Never Been Kissed
Page 14
“I’m sorry I’m late,” she said breathlessly.
Caught up in the images that teased him, he jerked back to awareness to find her standing right in front of him. With no effort whatsoever, he discovered, he could have reached for her. “That’s okay,” he said, shaken. “You’re just in time.” Noting the way people in the crowd were staring at her, he said wryly, “You’ve caused quite a stir. I didn’t recognize you at first.”
Self-consciously, she touched the nape of her neck and the much shorter strands of her hair. “One of the patients at the nursing home wanted to cut my hair, and I thought she was just going to trim it. Everything just sort of got out of hand.”
As unsure of herself as a sixteen-year-old who’d just appeared in public wearing lipstick for the first time, she couldn’t quite look him in the eye.
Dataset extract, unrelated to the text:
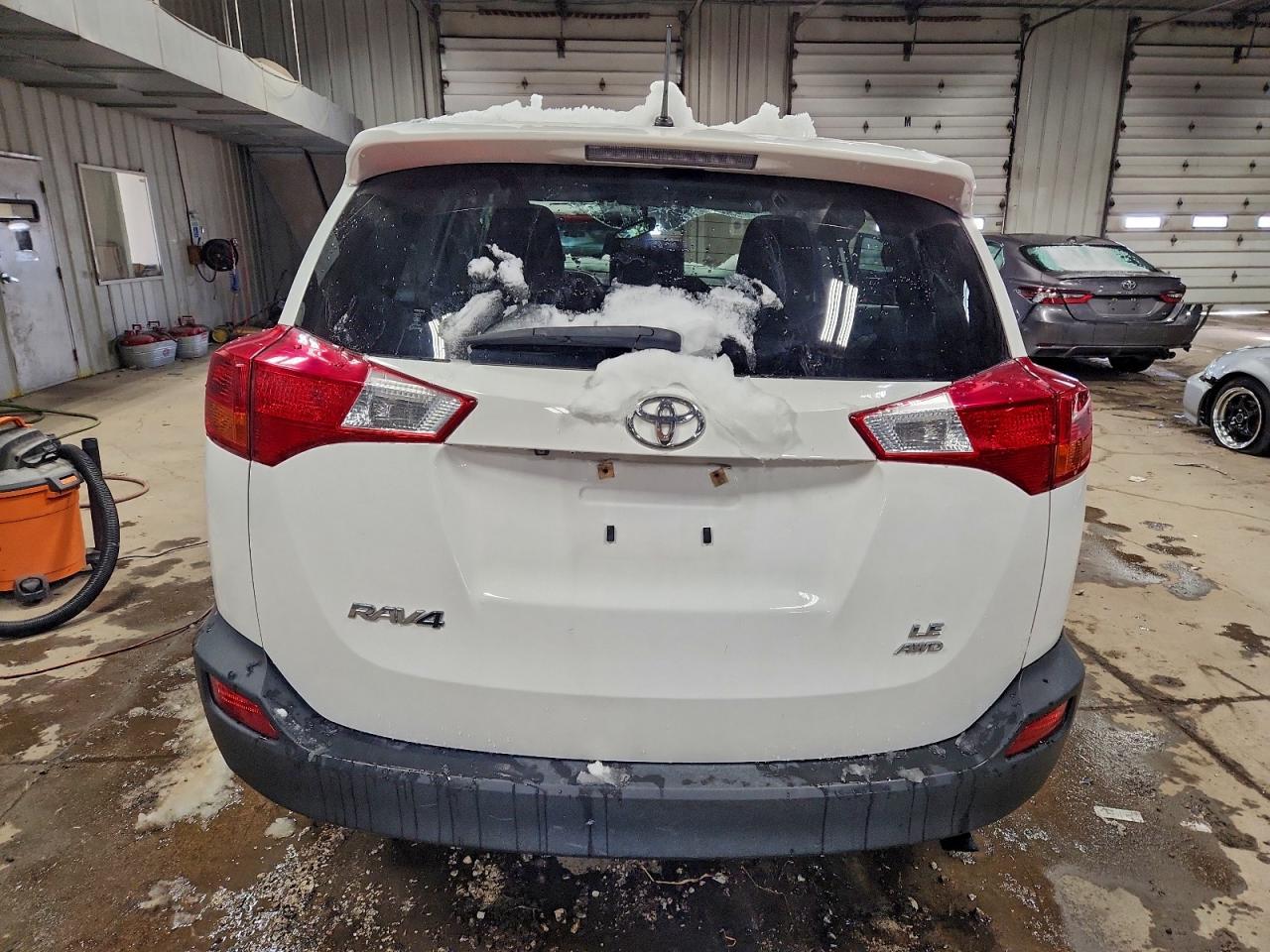 2015 TOYOTA RAV4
Why, she’s shy! he realized, shocked, and found that incredibly appealing. “I think you look great,” he said sincerely, trying to reassure her. “That hairstyle’s perfect for you.”
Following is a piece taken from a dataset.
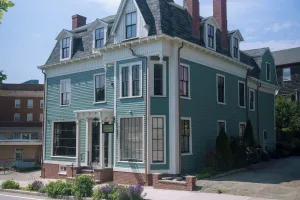 Image of The Burbank Rose Inn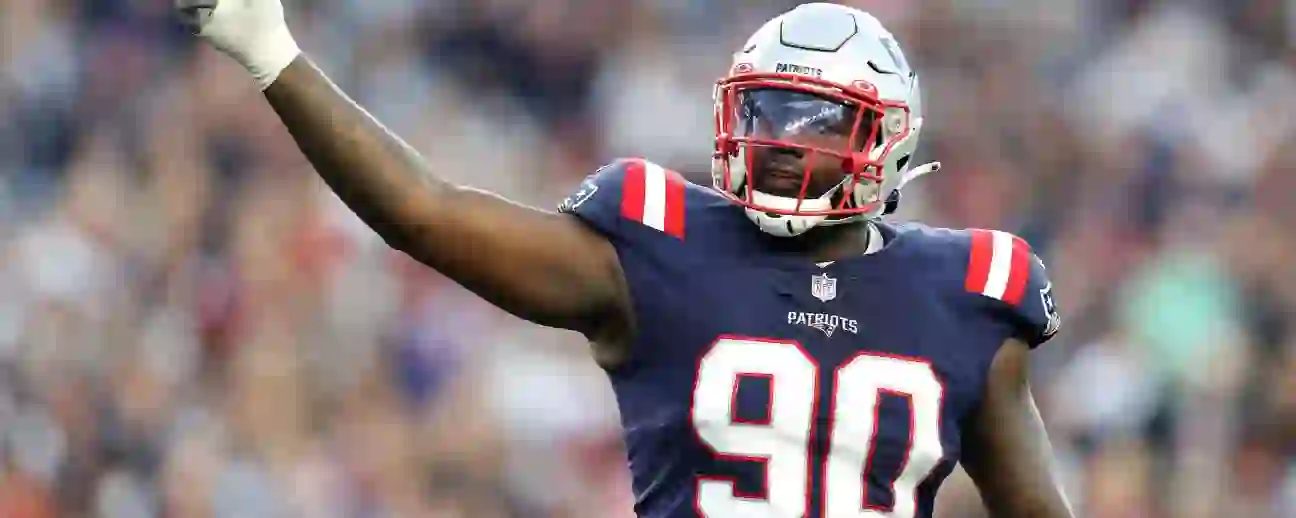 Christian Barmore of the Patriots returns to the field after overcoming blood clot issues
He would have said more, but they abruptly ran out of time when the town clock on the corner of the square struck seven and the crowd let out a cheer. All the booths opened, people surged through the narrow streets fronting the square, and the festival began.
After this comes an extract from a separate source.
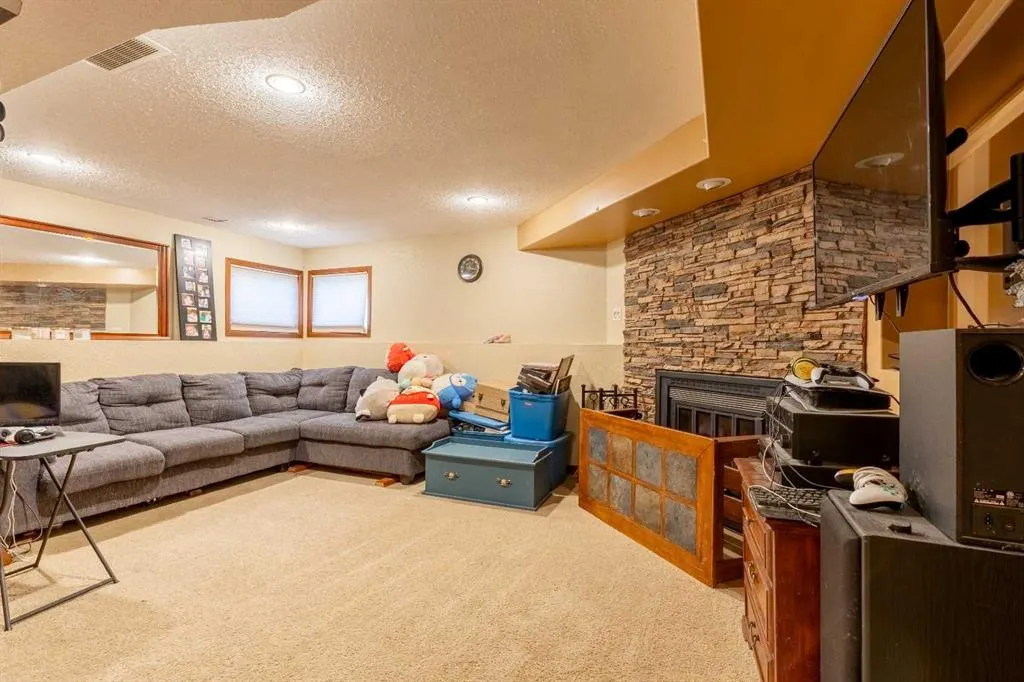 184 Lakhota Crescent W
His grin rueful, he raised his voice over the throng of kids that suddenly rushed the booth, demanding water pistols. “Looks like it’s time to get to work!”
“C’mon, Johnny, you can do it,” Janey coaxed when Johnny Thompson, the son of one of her family’s ranch hands, hesitated when it was his turn to try for a prize. “Don’t be afraid. I’ll show you.”
Stepping out from behind the front counter of the booth, she found a box for the five-year-old to stand on, then guided the barrel of his water pistol at the paper bull’s-eye at the far end of the booth. Her chin all but propped on his shoulder, she grinned and said softly in his ear, “All right, you’re all set, tiger. Just squeeze the trigger, and I’ll bet you can win a teddy bear.”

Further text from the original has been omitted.